From my office window overlooking Maxwell Savage, Main Street, the Stone Chapel, and the Wilkins Meeting House in the distance, I am able to watch as daily life at Proctor unfolds. Adolescents and adults stream out of buildings and hustle to their next commitment - whether that is boat building with Hunter in the wood shop, Spanish in Maxwell Savage, a meeting with a colleague, assembly, or a date with a breakfast sandwich from JJs.
This second floor vantage point in Proctor Block allows me to see the giant amoeba of Proctor pulse and flex and shift over the course of the day as each individual plays a pivotal role in our whole. And yet the visible actions from my window are only a fraction of the interactions across campus on any given day. The conversations and emails, the cleaning and cooking and fixing and bill paying, the individual support of students and adults, the coaching in the gym, on the ice, and on the ski hill all play a critical role in Proctor functioning as it does. When we are in the midst of our daily lives as students, employees, or parents, we are immersed in proximate interactions with others. We are focused on the immediate, and forget that we are part of something pretty remarkable.
Over the course of the fall, we have welcomed nearly 400 prospective families to campus for tours and interviews. This past Saturday, we welcomed an additional 30 prospective families to campus for our second Admissions Open House. As we watched our students tour these families around campus and sit on panels for student life, academics, and off-campus programs, we were able to zoom out from our immediate to-do lists to see the impact of Proctor through both our students’ and prospective families’ eyes, and it was amazing.
The frustratingly beautiful thing about working in education is that we rarely see transformational micro moments. Instead, it is over the long run - the course of the trimester, season, year, or decade - that we see the impact of our work. It is when we see a student return from Ocean Classroom a new version of themselves. It is when we see our Learning Skills students matriculate out of our integrated support program because of growth in their self-advocacy, executive functioning, and self-awareness skills. It is when we see a team gel after a season of challenges. It is when dorms gather for holiday parties and share laughs and smiles and hugs. It is that moment at graduation when we watch with such deep pride as our advisees walk across the stage. And then it is at alumni reunions 5, 10, 15, or 20 years down the road when our former students return to campus with their partners and families to share the impact of the Proctor-chapter of their lives.
In the marketing and communications world, we are focused on communicating the “value proposition” of the Proctor experience to our customers. Why would prospective families invest considerable resources in a Proctor education? Why would generous donors commit money and resources to supporting our educational model? While some schools tout immediate outcomes (an immediate return on investment), we make no such claims.

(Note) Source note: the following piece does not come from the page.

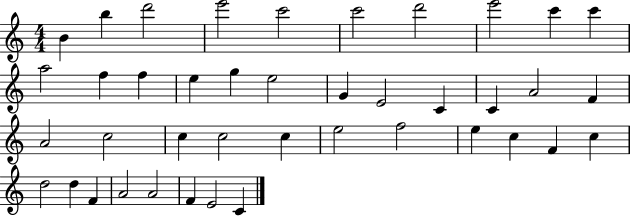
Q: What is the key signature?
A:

Proctor is a long-term investment in creating good humans. Period. It takes time, messiness, and turbulence for Proctor’s educational model to work, and so when we see our students sit on panels for visiting families, we are not asking for perfection, but for honesty. We believe with all our hearts that Proctor changes the trajectory of young people’s lives. We also believe that the process of growth and change and evolution for teenagers takes considerable time.